In the recent decades, scientists across the world are working to provide the thermal comfort though the wearable innovative textiles. This review article proposes various strategies of moisture and thermal management at material, filament/fiber, yarn, and fabric scales., yarn and fabric scale is comprehensively described and also summarizes the passive and active textile models for the thermal comfort. Integrating the electrical devices in the garments can rapidly control the skin temperature, dynamic and useful for wide range of environmental conditions. But their use can be limited in some situations due to their bulky and heavier design and batteries must be frequently recharged for their continuous functioning. On the other hand, adaptive textiles enable the wearer to maintain the thermal comfort in various temperatures and humidity without requiring the exterior power source. Using these wearable textiles are convenient to provide the thermal comfort at the individual level rather than controlling whole building temperature mitigating the high energy consumptions and global warming effect.

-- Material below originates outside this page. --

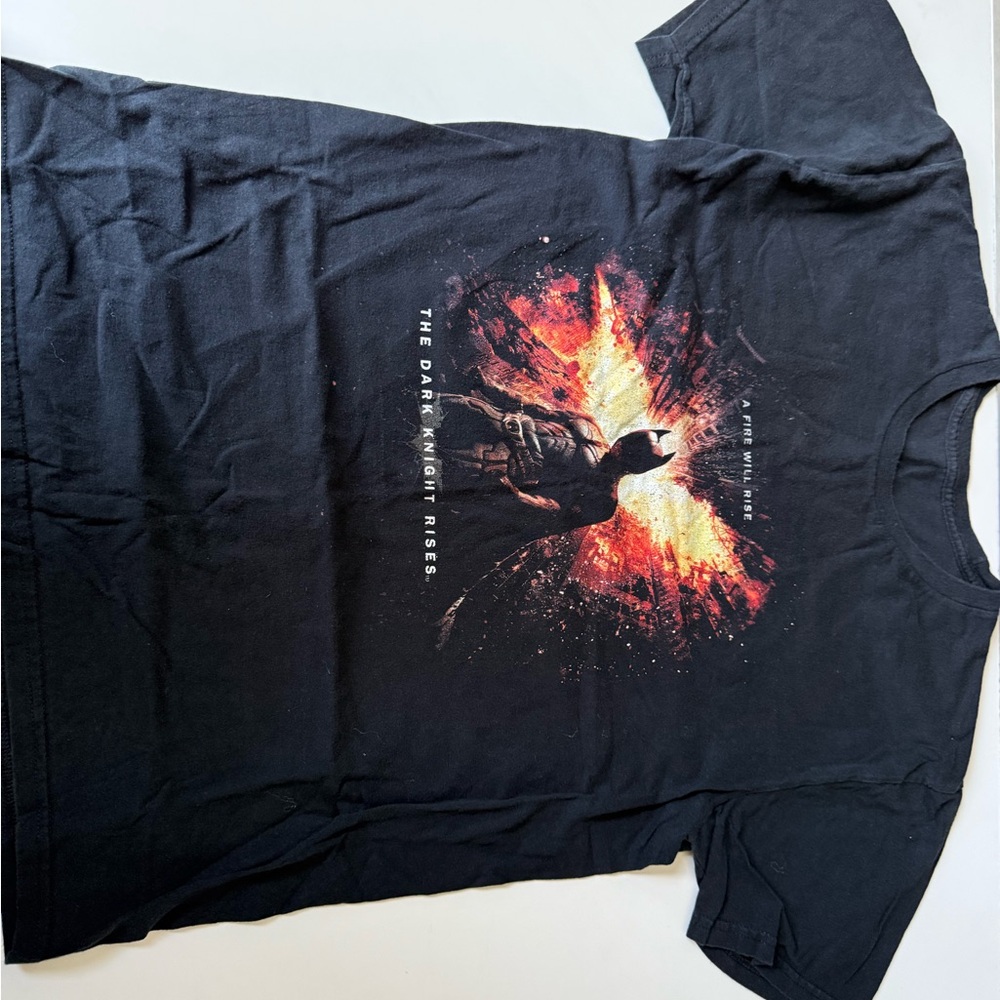 DC’s Black The Dark Knight Rises 2012 Batman Graphic T-Shirt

The photonitex project aims to develop a new type of intelligent textile that will improve thermal comfort by dynamically regulating the space between the skin and the textile. These innovative garments will be able to return infrared radiation to the body depending on the conditions of use: temperature (body or external) and humidity (perspiration). This feature is not only for athletes.
It also covers personal protection, insulation, military engineering and interior textiles. To achieve this objective, phototex proposes to take inspiration from photonic structures, which are nanostructures that interact with light according to their wavelength (i.e. their color). They allow, for example, some butterflies to display their shimmering colours. If their manufacture uses nanotechnologies, we will, in phototex, generate similar structures adapted to infrared “light” using methods compatible with the textile industry.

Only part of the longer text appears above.